"I would certainly expect a CEO of the United Way branch in a large metropolitan area to make a larger salary than someone in a small community with a small staff," said Stallsmith. "It essentially becomes comparable to the size and scope of the fund raising and support effort."
However, the salary of the former executive director at the Charlotte United Way, was, in Stallsmith's opinion, "absurd."
"The person who took over the position with a lower salary appeared to be in the proper compensation range given the responsibilities," he said, adding however, there may be significant details not given to the CBS reporter that provided "some justification for how she was compensated."
"On the surface, it certainly sends a very poor message and I am sure in Charlotte, many United Way donors are seeking answers to their questions," he said.
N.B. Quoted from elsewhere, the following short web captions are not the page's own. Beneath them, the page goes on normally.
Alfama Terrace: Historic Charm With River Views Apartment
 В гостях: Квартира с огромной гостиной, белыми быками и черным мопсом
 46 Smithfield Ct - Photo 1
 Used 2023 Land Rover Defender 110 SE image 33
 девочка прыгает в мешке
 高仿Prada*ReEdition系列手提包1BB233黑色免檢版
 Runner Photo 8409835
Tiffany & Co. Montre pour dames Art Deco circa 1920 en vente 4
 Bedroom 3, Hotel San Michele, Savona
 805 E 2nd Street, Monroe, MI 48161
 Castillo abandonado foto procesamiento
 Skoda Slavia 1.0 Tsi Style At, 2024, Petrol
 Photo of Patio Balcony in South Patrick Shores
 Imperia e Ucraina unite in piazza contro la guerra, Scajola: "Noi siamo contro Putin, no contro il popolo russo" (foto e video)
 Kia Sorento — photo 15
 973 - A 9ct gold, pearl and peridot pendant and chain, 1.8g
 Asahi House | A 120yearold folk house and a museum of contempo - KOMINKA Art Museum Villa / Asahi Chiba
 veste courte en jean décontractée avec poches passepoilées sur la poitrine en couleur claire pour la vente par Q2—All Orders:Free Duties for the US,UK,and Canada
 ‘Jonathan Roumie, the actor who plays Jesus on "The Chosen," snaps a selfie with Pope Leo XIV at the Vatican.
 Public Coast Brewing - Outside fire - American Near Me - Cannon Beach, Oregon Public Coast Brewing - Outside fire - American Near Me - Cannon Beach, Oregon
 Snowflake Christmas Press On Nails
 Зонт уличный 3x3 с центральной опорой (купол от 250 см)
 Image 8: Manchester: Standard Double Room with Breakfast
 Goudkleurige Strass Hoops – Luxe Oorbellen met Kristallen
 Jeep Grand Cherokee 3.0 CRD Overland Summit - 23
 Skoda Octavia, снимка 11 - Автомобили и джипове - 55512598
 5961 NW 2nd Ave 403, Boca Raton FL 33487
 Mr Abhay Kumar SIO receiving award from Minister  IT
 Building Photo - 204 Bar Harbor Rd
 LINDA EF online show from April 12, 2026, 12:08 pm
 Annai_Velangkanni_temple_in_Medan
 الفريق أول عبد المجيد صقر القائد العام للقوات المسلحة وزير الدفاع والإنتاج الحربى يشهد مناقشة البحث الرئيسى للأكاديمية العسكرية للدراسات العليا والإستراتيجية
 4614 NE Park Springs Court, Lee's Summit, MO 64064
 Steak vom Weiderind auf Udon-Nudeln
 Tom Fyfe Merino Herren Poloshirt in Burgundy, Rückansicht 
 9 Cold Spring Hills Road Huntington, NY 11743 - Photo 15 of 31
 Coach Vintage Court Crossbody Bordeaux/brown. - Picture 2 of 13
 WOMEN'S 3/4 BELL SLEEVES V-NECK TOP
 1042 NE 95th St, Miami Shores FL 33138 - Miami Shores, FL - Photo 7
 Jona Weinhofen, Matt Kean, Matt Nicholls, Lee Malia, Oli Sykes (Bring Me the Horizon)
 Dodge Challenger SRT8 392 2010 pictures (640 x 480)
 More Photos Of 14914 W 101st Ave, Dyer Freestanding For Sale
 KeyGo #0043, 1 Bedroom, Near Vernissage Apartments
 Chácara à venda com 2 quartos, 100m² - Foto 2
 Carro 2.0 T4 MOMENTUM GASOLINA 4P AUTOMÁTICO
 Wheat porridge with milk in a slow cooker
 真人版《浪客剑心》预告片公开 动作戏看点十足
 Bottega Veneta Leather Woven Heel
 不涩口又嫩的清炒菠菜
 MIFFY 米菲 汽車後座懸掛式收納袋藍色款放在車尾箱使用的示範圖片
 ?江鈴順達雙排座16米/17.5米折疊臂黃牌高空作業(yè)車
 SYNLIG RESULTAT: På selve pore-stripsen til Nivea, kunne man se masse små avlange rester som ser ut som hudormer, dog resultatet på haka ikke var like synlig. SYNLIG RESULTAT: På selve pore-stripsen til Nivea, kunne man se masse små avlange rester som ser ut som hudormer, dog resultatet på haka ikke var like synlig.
The North Country, said Stallsmith, is fortunate to have a group of local community leaders who "understand what it means to serve, what the expectations are and the responsibilities associated." "The people that I have met on the charitable boards in the North Country take their role very seriously and they do so with a very high sense of ethics and integrity," he said. "Just because one thing occurred at one district, states away, does not make it a common practice nor should it paint a broad picture of United Way in general."
Bernardi agreed, adding the report has "created obvious concerns."
"The idea, from our standpoint, is to let people know that we're very healthy and our salaries are in line with other human service providers in the region. Nobody on the staff is getting a huge salary or bonuses or anything of that nature," said Bernardi, who disclosed the combined annual salary for himself and two other employees of the local organization is approximately $140,000.